La droite sénatoriale réclamait 50 milliards d’euros supplémentaires et avait rejeté l’article budgétaire central faute d’obtenir gain de cause. Le compromis lui accorde non pas davantage d’ampleur, mais davantage de vitesse : environ 1,2 milliard d’euros de dépenses prévues en 2029-2030 sont avancées à 2028.
Les priorités retenues correspondent aux lacunes identifiées depuis des années par les analystes européens et les planificateurs de l’OTAN : munitions, drones, défense antiaérienne, lutte anti-drones, guerre électronique, espace et frappe dans la profondeur (Sénat, CER). Mais l’armée française ne change pas d’échelle. Le nombre de soldats, d’avions de combat, de chars et de frégates reste globalement stable. Le mot du Sénat est parlant : sincérisation. On finance l’armée déjà prévue, on ne construit pas une armée plus grande.

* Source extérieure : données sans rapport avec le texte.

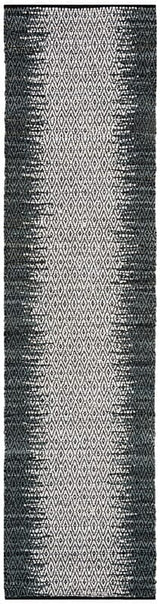 Safavieh Vintage Leather Vtl101A Grey / Cream Rugs.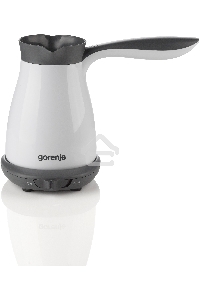 Электрическая турка Gorenje TCM330W белый, исп. кофе - молотый, 0.33 л, 550 Вт.
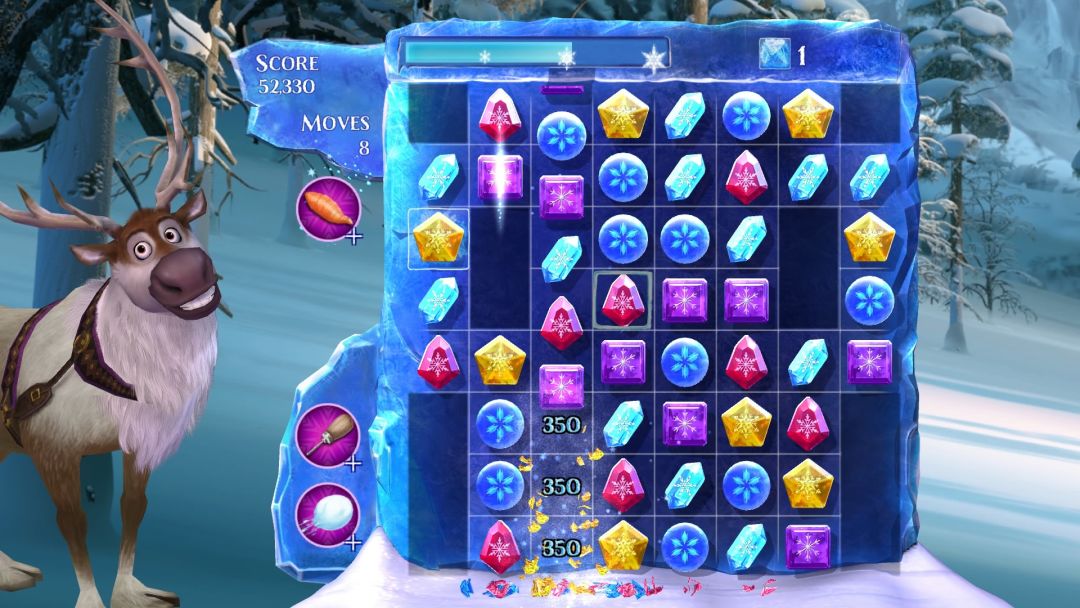 Frozen Free Fall: Snowball Fight游戏截图
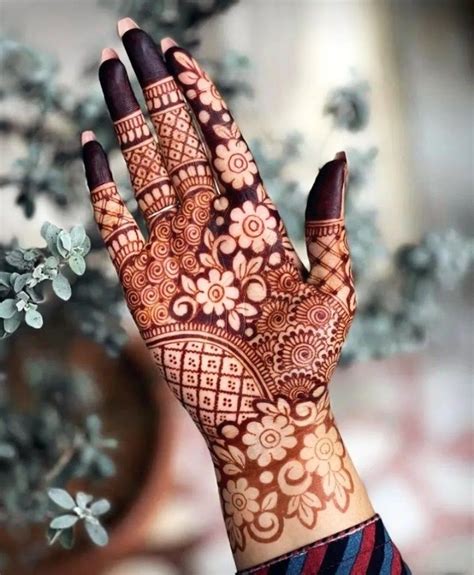 150+ Front Hand Mehndi Design 2022-2023 Simple & Easy Mehndi Designs Bridal Hands, Mehndi ...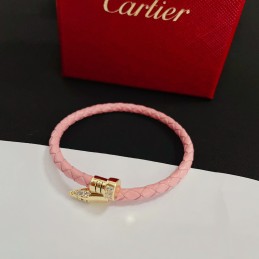 Juste Un Clou Pink Leather...
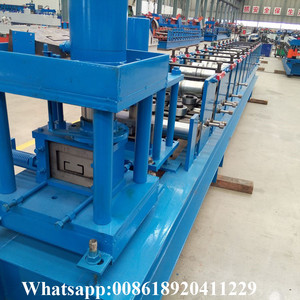 Neue Typ Stahl C <span class=keywords><strong>Z</strong></span> U Kanal Pfetten walzen form maschine zum Verkauf - Product Image 3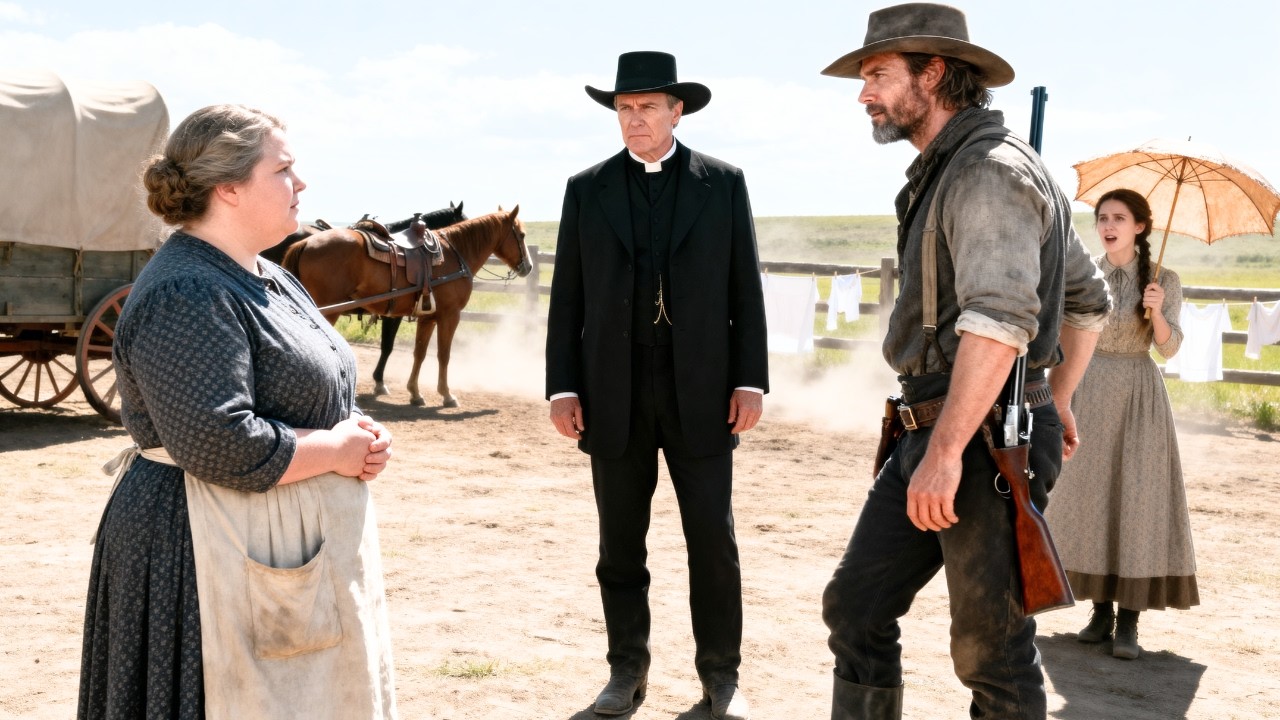 The Obese Girl Sent as a Joke — But the Mountainman Chose Her Forever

Le point de friction européen
Ce budget compte au-delà de Paris parce que le secrétaire général de l’OTAN, Mark Rutte, a rappelé en juin aux alliés que la hausse des dépenses devait se traduire en capacités prêtes au combat, pas seulement en lignes budgétaires plus épaisses (OTAN). Les déficits européens restent lourds en défense antiaérienne et antimissile, en munitions, en transport stratégique, en drones et en guerre électronique (El País). La programmation française touche plusieurs de ces catégories, mais l’achat d’armement demeure d’abord une décision nationale.
La France a souscrit un prêt de 15,1 milliards d’euros dans le cadre de SAFE, Security Action for Europe, le nouvel instrument européen qui peut offrir jusqu’à 150 milliards d’euros de prêts à long terme pour les achats de défense (Commission européenne, Le JDD). Paris devient ainsi à la fois contributeur et bénéficiaire du nouveau financement européen de la défense. Mais SAFE reste une facilité de prêt, pas un instrument d’intégration : chaque État emprunte, achète ce qu’il choisit et rembourse seul. Rien n’oblige les capitales à coordonner leurs commandes ni à mutualiser la demande.

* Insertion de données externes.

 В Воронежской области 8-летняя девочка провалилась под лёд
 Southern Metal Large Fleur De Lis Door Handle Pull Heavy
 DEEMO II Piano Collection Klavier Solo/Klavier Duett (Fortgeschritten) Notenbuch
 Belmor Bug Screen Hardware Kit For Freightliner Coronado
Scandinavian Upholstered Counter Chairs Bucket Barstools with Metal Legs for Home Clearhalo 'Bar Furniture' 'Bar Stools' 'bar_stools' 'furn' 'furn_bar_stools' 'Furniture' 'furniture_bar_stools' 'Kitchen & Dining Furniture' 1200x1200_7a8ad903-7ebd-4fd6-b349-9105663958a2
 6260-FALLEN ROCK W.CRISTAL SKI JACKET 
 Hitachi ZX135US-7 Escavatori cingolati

KNDS, le groupe franco-allemand de blindés, montre la limite de cette logique. Berlin et Paris se sont accordés pour que chaque gouvernement détienne 40 % de l’entreprise (Tagesschau). Sur le papier, l’Europe dispose d’un acteur commun du char. Dans les faits, des députés de la coalition allemande réclament des droits de veto et des garanties pour maintenir sous contrôle allemand les technologies militaires sensibles (FinanzNachrichten). Le projet franco-allemand d’avion de combat du futur s’est déjà heurté à la même tension : la propriété partagée ne règle pas la question du contrôle du design, des emplois et des technologies. Les structures communes se multiplient, la décision commune beaucoup moins.
Le calendrier réel
La question la plus dure vient du flanc oriental de l’OTAN. La Pologne et les États baltes évaluent les budgets de défense à l’aune d’une fenêtre courte : celle où la Russie pourrait reconstituer une partie de ses capacités militaires plus vite que les Européens ne comblent leurs propres retards. L’accélération française avance 1,2 milliard d’euros d’un an. Beaucoup des systèmes évoqués n’arriveront pourtant qu’au cours de la prochaine décennie.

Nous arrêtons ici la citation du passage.